Благословенный дни и ночи те,
И сладкозвучный труд безгрешен.
Несчастен тот, кого, как тень его,
Пугает лай и ветер косит,
И беден тот, кто, сам полуживой,
У тени милостыни просит.

Январь 1937

Воронеж

В мае 1937 года истек срок воронежской ссылки. Поэт еще год провел в окрестностях Москвы, пытаясь добиться разрешения жить в столице. Редакторы журналов даже боялись разговаривать с ним. Он нищенствовал. Помогали друзья и знакомые: В. Шкловский, Б. Пастернак, И. Эренбург, В. Катаев, хотя им и самим было нелегко. Впоследствии А. Ахматова писала о 1938 годе: "Время было апокалиптическое. Беда ходила по пятам за всеми нами.
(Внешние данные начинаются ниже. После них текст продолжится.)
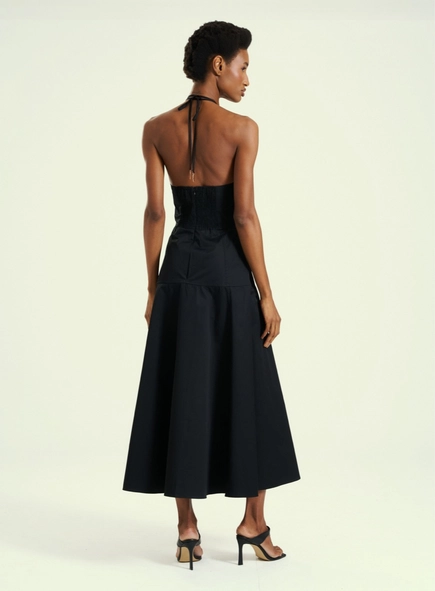 vestido midi evasê frente única metal open
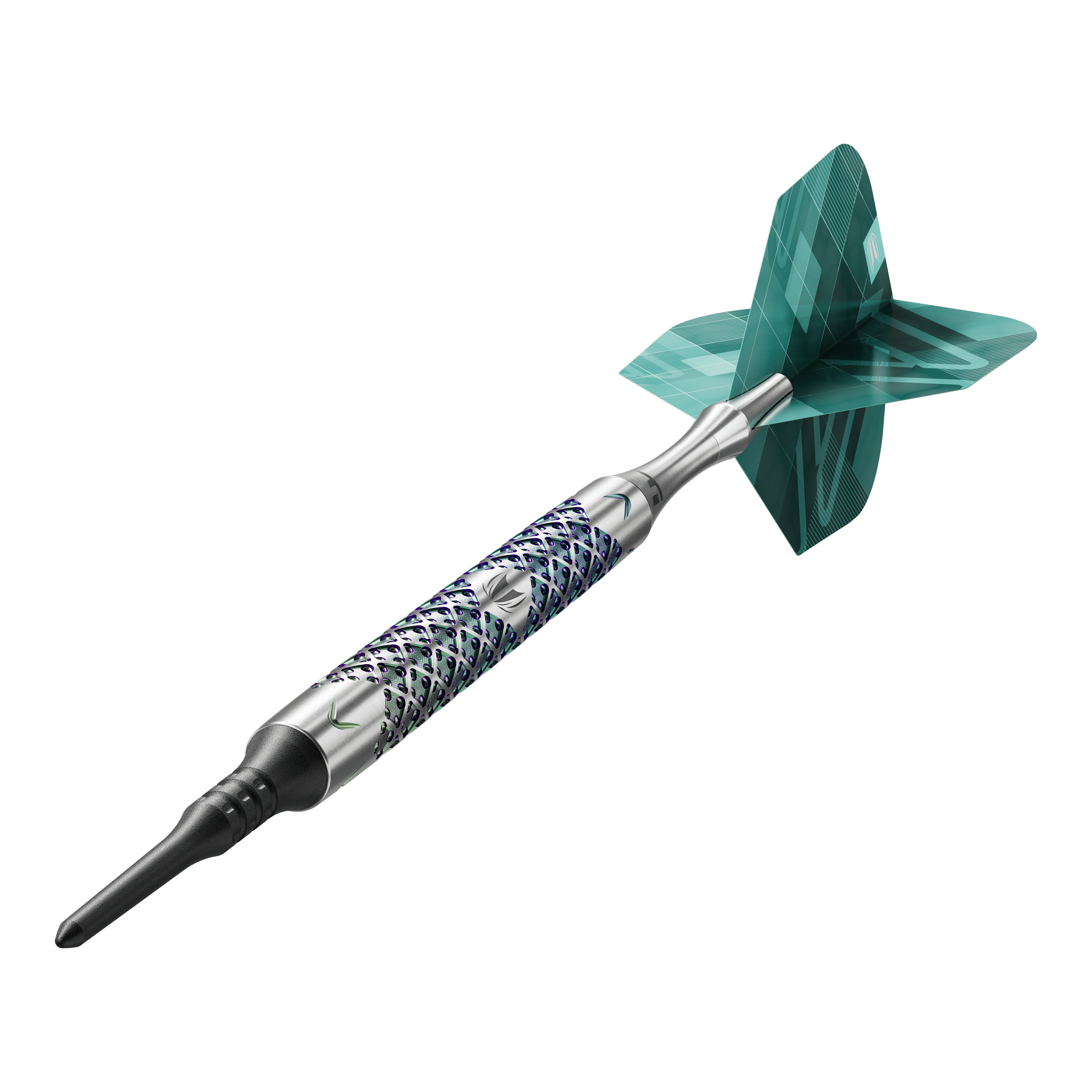 Target Rove 10 miękkich rzutek Das Bild zeigt einen einzelnen Target Rove 10 Softdart. Der Dart hat ein silbernes, gemustertes Barrel und grüne Flights.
У Мандельштамов не было денег. Жить им было совершенно негде. Осип плохо дышал, ловил воздух губами".

2 мая 1938 года, перед восходом солнца, как это и было тогда принято, Мандельштама снова арестовывают, приговаривают к 5 годам каторжных работ и отправляют в Западную Сибирь, на Дальний Восток, откуда он уже не вернется. Сохранилось письмо поэта к жене, в котором он писал: "Здоровье очень слабое, истощен до крайности, исхудал, неузнаваем почти, но посылать вещи, продукты и деньги – не знаю, есть ли смысл. Попробуйте все-таки. Очень мерзну без вещей".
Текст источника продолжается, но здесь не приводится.